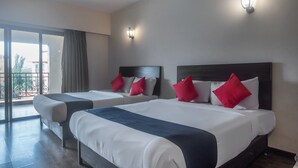 Room - Capital O 66172 Discover Resorts Karjat (Karjat)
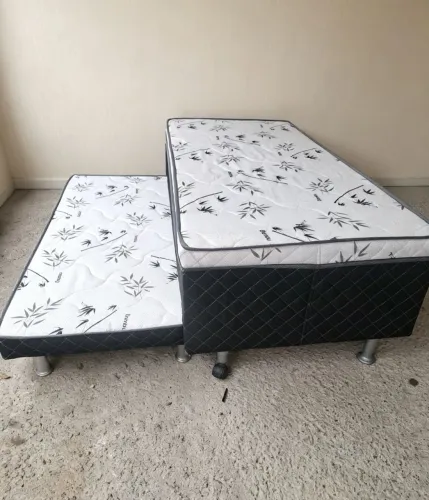 cama box de solteiro conjugada com auxiliar top já está higienizado
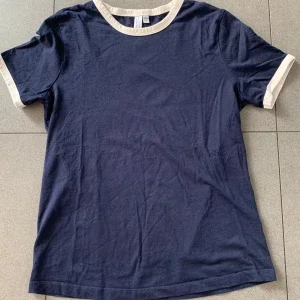 T-shirt från &other stories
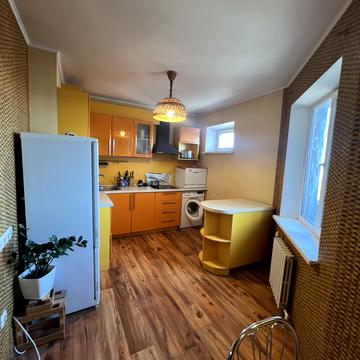 Миру просп., 3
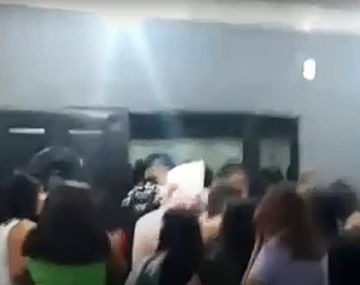 Desalojaron tres multitudinarias fiestas clandestinas en La Plata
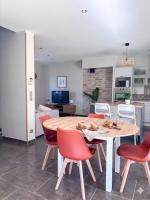 Villa Avec Piscine , à 15 MIN des plages idéale pour visiter Beziers & Narbonne - Chambres d'hôtes Lespignan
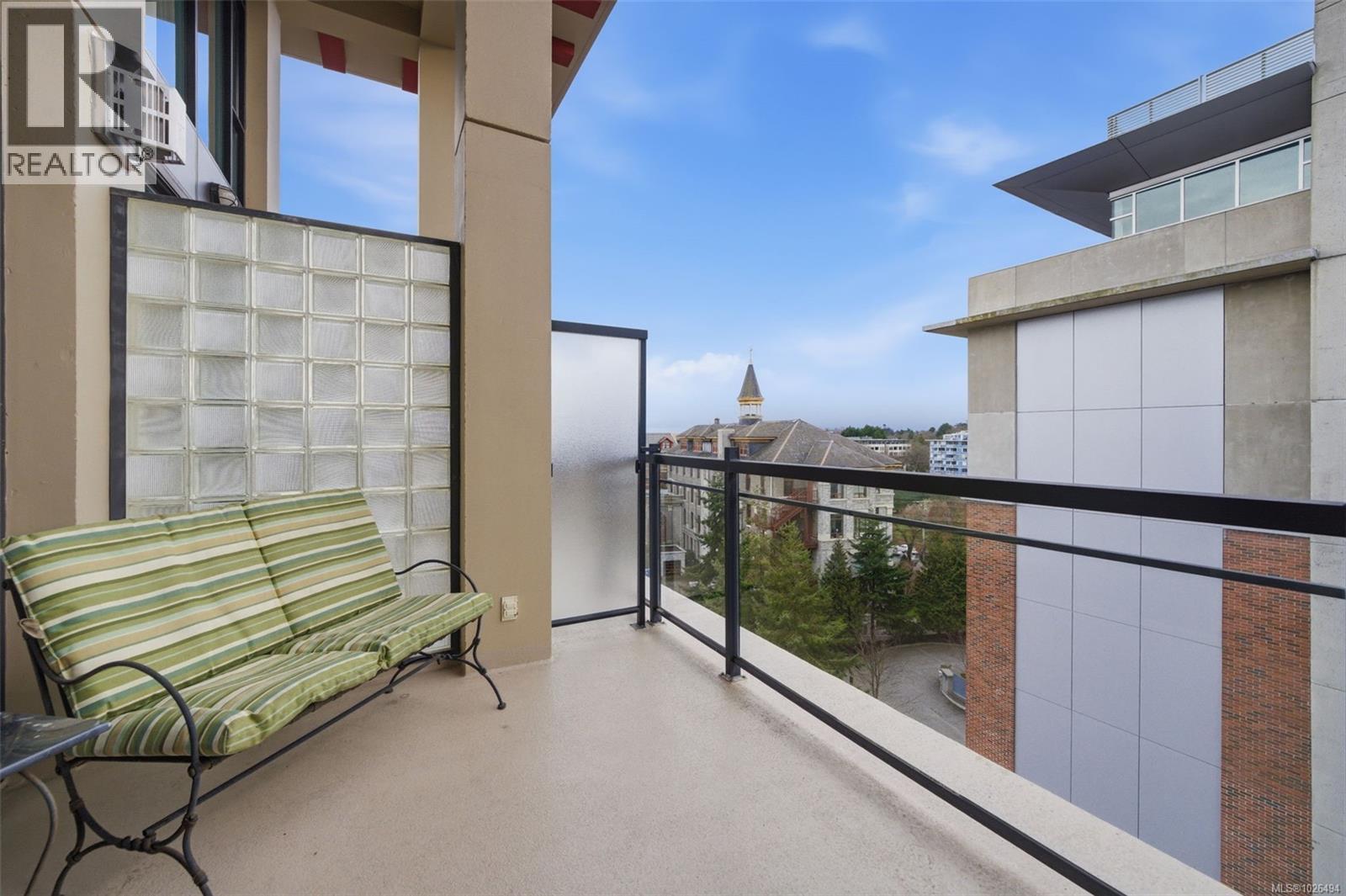 609 827 Fairfield Road, Victoria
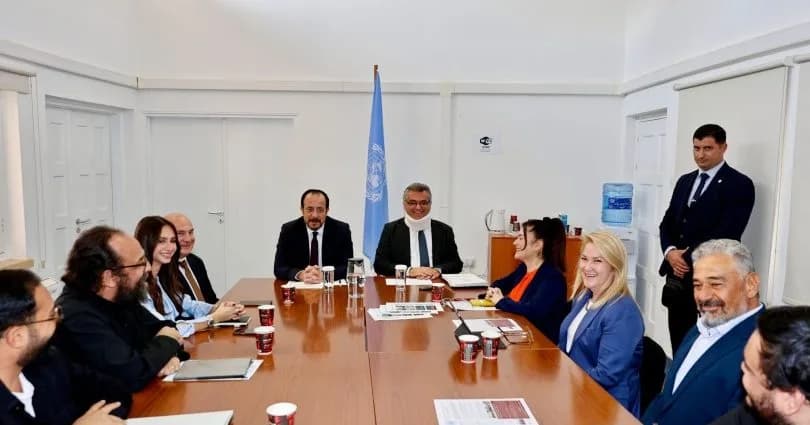 Liderler görüştü, komite temsilcileriyle bir araya geldi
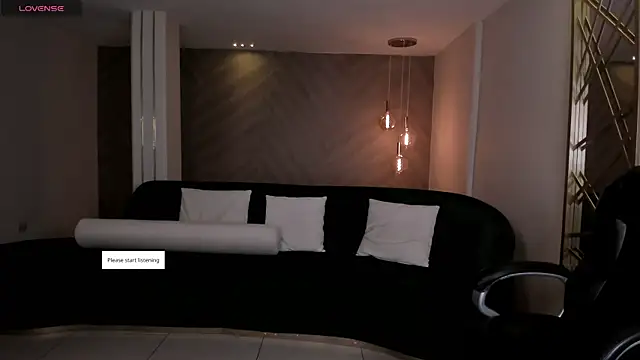 Snapshot of RebeccaHudson chatting on 04-27-26, 07:34 RebeccaHudson online show from 04-27-26, 07:34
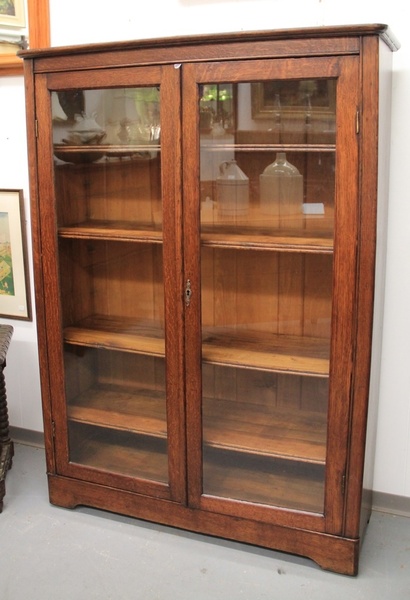 What linen cupboards do you have?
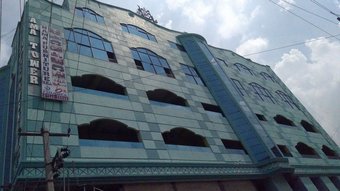 Hotel Iroomz Nama Residency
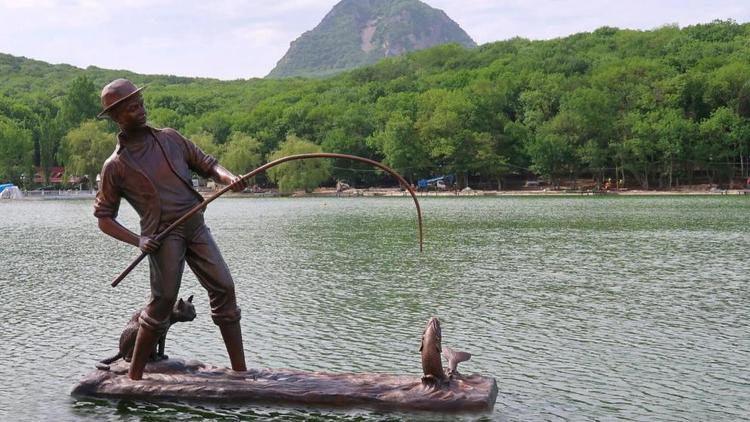В Железноводске озеро готовят к фестивалю рыбной ловли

WORK INSTRUCTION >> Reproduce the data above exactly, but only from the line containing "Миру просп., 3" through the line containing "609 827 Fairfield Road, Victoria"; skip the pictures.

WORKED SOLUTION >>
 Миру просп., 3
 Desalojaron tres multitudinarias fiestas clandestinas en La Plata
 Villa Avec Piscine , à 15 MIN des plages idéale pour visiter Beziers & Narbonne - Chambres d'hôtes Lespignan
 609 827 Fairfield Road, Victoria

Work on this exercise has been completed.